1. Be born in a country with a reasonably well-run public education system, or, failing that, be born into a family wealthy enough nurture and educate you privately and spare you the privations of having entered the world via a poorly run, or just poor, country.
2. Read as much as you can. If the thought that you’ll die before having read every good book ever written depresses you, good. You’re halfway home, and it’s only rule #2.
3. Don’t restrict yourself to reading your favorite genre. There’s so much out there to learn in so many fields. Don’t let math or science frighten you. Do everything you can to soak up knowledge. It’ll enrich your work. The best writers I’ve met could all compete with Ken Jennings.
4. Write every day, whether you feel like it or not. Plying your trade regardless of how you feel is the mark of a pro–in any job.
5. Get to know the top writers in your field and (politely) find ways to show them your work. If two of them, coming from vastly different aesthetic viewpoints, think your work is worthwhile or better, then welcome to the show.

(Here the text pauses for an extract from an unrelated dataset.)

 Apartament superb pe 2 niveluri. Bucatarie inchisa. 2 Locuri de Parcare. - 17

6. Don’t obsess over your status or compare yourself to peers. Accept that this is show business, not a field renowned for its fairness in allocating fortune or glory. Those richer or more acclaimed in the business may be lucky and lame (or lucky and brilliant), but they aren’t holding you back; and those below you aren’t looking up at you because you’re more talented or more deserving.
7. Don’t wait for people to respond to, or approve of, your work. Waiting’s for chumps. Put your queries and application forms and submissions in their envelopes, mail them, forget about them, and proceed with your next project.

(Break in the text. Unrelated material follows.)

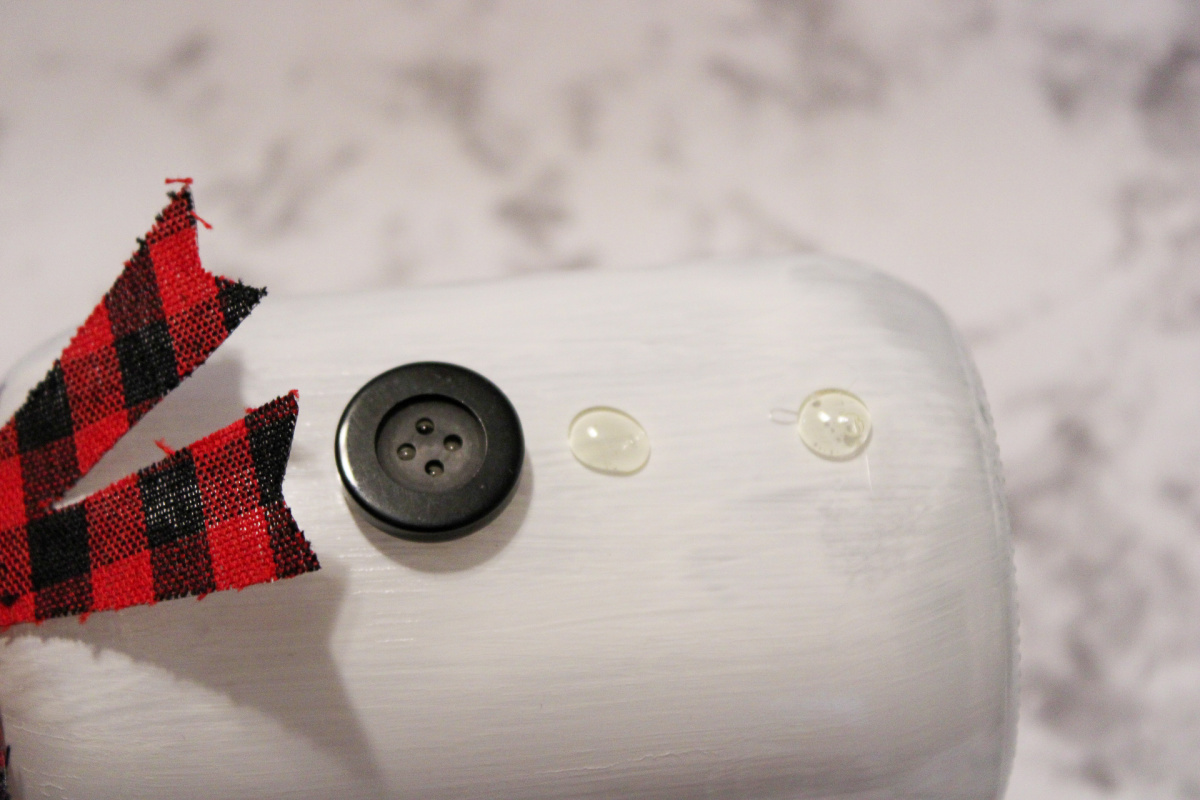 Gluing buttons on DIY mason jar snowman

8. Don’t get too excited about vague encouragement. The air thickens with it anywhere writers gather: MFA programs, readings, workshops, panels, and conferences. Get excited if someone in the business offers to help. When pros say something like: “I think your writing has a special quality/mordant sensibility/quirky wit,” they’re just pleasantly passing time until you’re gone or their drinks need refilling.
9. Develop a taste for your own company and jealously guard the frontiers of your writing space.
10. Remember that this game is long, and that if you’re both brilliant and lucky, it’ll go on after you, and everyone you know, has died. So don’t just write for the people you see around you. Write for their great grandchildren. They, not the National Book Awards panel, are your final judges. (That said, I’d really like a National Book Award.)
Good luck, and just remember, the odds are overwhelming that you’ll fail.